Le problème principal de cette structure est sa bipolarité. L’entreprise Biocoop rentre dans les valeurs de l’économie sociale et solidaire. Les franchises, elles, ne sont pas obligées d’être ESS. C’est toute l’ambivalence et le paradoxe de ce genre de structures. L’objectif de Biocoop est clair, que l’ensemble de ses magasins soit estampillé “économie sociale et solidaire” version loi Hamon 2014. Comme l’explique Théo, la coopérative est loin du compte, “le modèle ESS représente 20% de la totalité des magasins, mais Biocoop encourage ses franchisés à se tourner vers ce modèle”.
Le changement d’échelle est un long processus qui implique une notion générationnelle. C’est en 1986 que Biocoop s’est constitué officiellement en association loi 1901. La coopérative a commencé son rassemblement au cours des années 1970. Pour arriver aujourd’hui à une structure gigantesque. Le changement d’échelle a tellement bien réussi que les concurrents directs de Biocoop ne sont pas Bio C Bon ni Naturalia, mais des mastodontes comme Carrefour ou Marché U. La question générationnelle se pose car les fondateurs à l’origine de l’entreprise sont aujourd’hui en train de partir pour des jours plus calmes. Comme le souligne Théo : “Le problème est qu’au niveau de la structure politique, ils partent tous à la retraite. Les vieux militants s’en vont et la politique de recrutement s’oriente vers des personnes qui viennent de la grande distribution, le changement d’échelle se passe aussi à ce niveau-là”.

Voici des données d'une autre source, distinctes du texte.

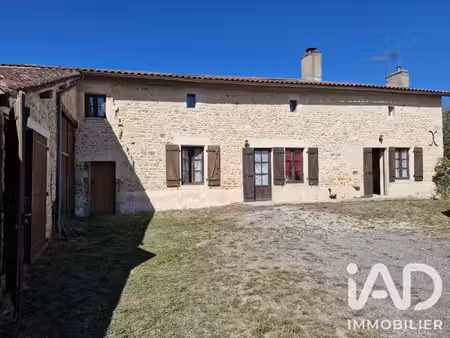 vente maison/villa 9 pièces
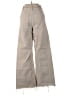 Zara Tan Jeans Size 4 - photo 2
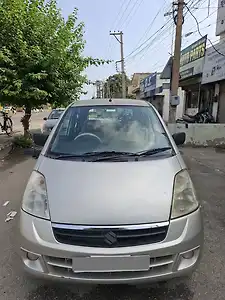 2007 मारुति सुज़ुकी एस्टिलो lxi 1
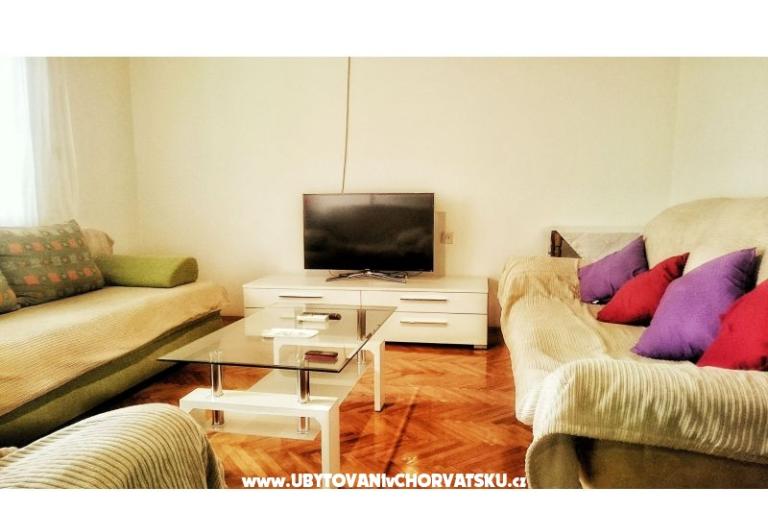 Appartements Gojak Makarska – foto 2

Il ne faut pas oublier l’impact social que génère un changement d’échelle. Parfois, le cœur a ses raisons que le porte-monnaie ignore. Comme le souligne Hervé Defalvard, responsable de la chaire d’économie sociale et solidaire à l’Université de Marne-la-Vallée : “Le risque pour une entreprise sociale c’est l’isomorphie, c’est-à-dire une coulée vers le modèle capitaliste et, de ce fait, la perte des valeurs qui ont construit cette entreprise.” C’est le principal problème de toutes ces grosses structures, après avoir grandi lentement leur taille devient la Némésis des valeurs qu’ils défendent. “Si on reprend Blablacar, à la base il y avait un impact social. Aujourd’hui ils sont tombés dans l’isomorphie.” rappelle l’économiste.
Il y a quelques années, une chapelle d’insatisfaits et de déçus de Blablacar s’est réunie en une association : “covoiturage libre”. Cette dernière est devenue, courant novembre 2018, Mobicoop, une plate-forme coopérative de covoiturages social et solidaire. Une bonne nouvelle pour l’ESS, toutefois il faudra observer attentivement le développement de cette entreprise, pour ne pas qu’elle tombe dans “l’écueil des grosses coopératives” comme le déplore Prunelle Gorget. “Les grosses coopératives qui vont grossir ont plus de mal à rester dans leurs valeurs. Trouver une grosse coopérative qui est restée dans ses valeurs c’est compliqué.” Mobicoop, comme les nombreuses autres structures sociales et solidaires, se doit éviter les dérives et surtout la perte des valeurs sociales et solidaires pour ne pas reproduire les erreurs de leurs pairs.